(Stored items from a collection)
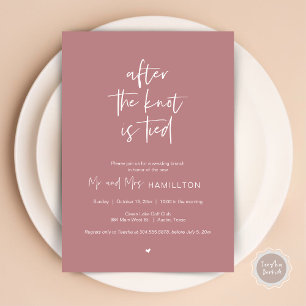 Post wedding Brunch, After the knot is tied Invita Invitation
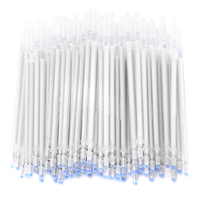 100pcs White High Temperature Disappearing Pen Refill Heat Erasable Marker Pen Refill for Dressmaking DIY Sewing Tool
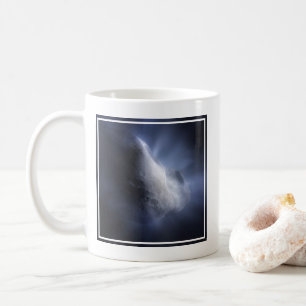 En illustrativ avslutning av Comet Tempel. Kaffemugg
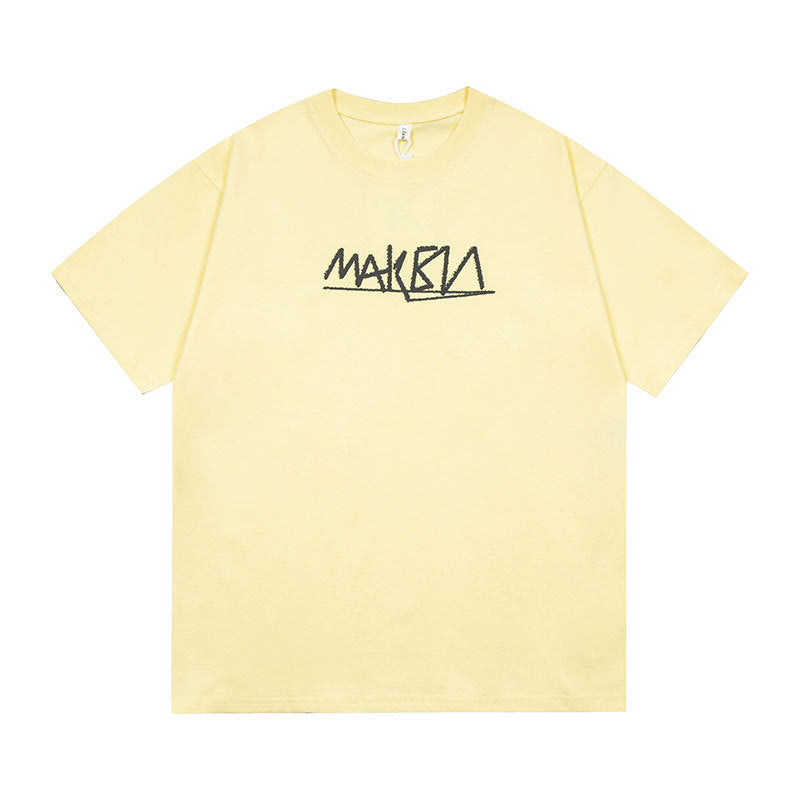 Vintage Tišö Rt Dice Letter Print Short Sleeve T-Shirt
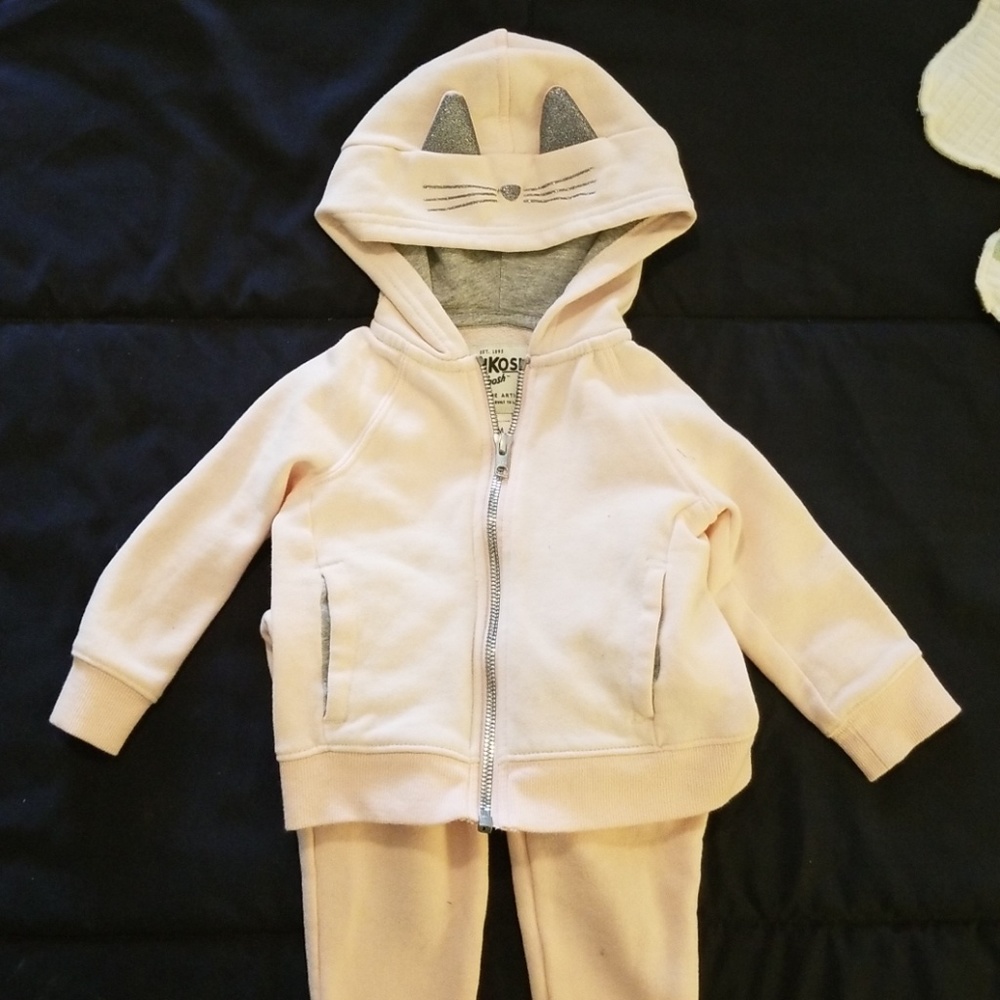 Oshgosh hoodie and pant set 18 mo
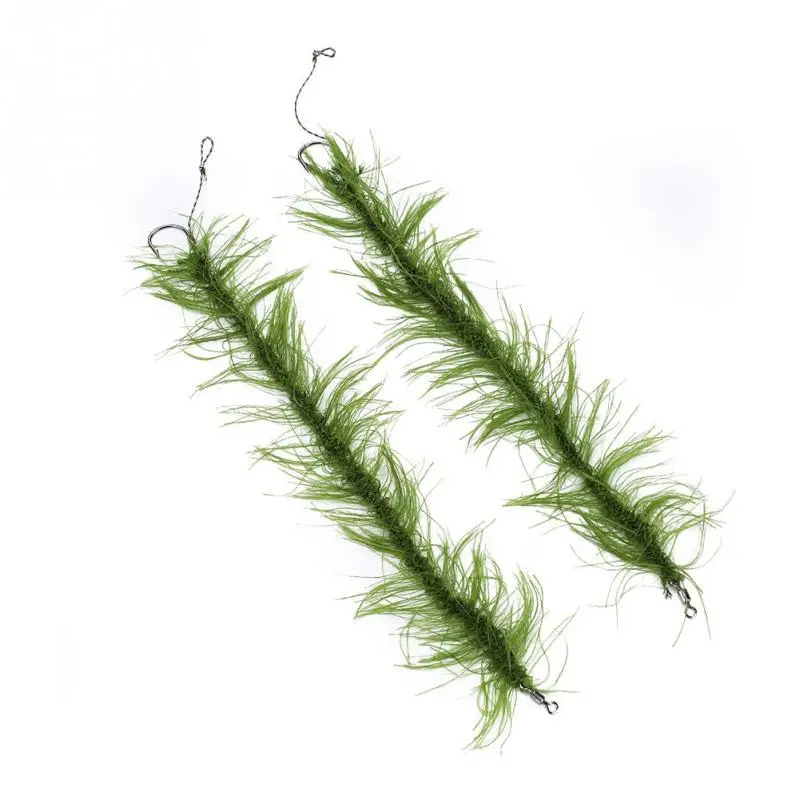 Lifelike Seaweed Line Hook Carp Fishing Hair Rig Braid Fishing Line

Exercise directions:
From the line that contains "Vintage Tišö Rt" to the last line of the data, print each line exactly, both ends included, and omit the pictures.

Answer to this exercise:
 Vintage Tišö Rt Dice Letter Print Short Sleeve T-Shirt
 Oshgosh hoodie and pant set 18 mo
 Lifelike Seaweed Line Hook Carp Fishing Hair Rig Braid Fishing Line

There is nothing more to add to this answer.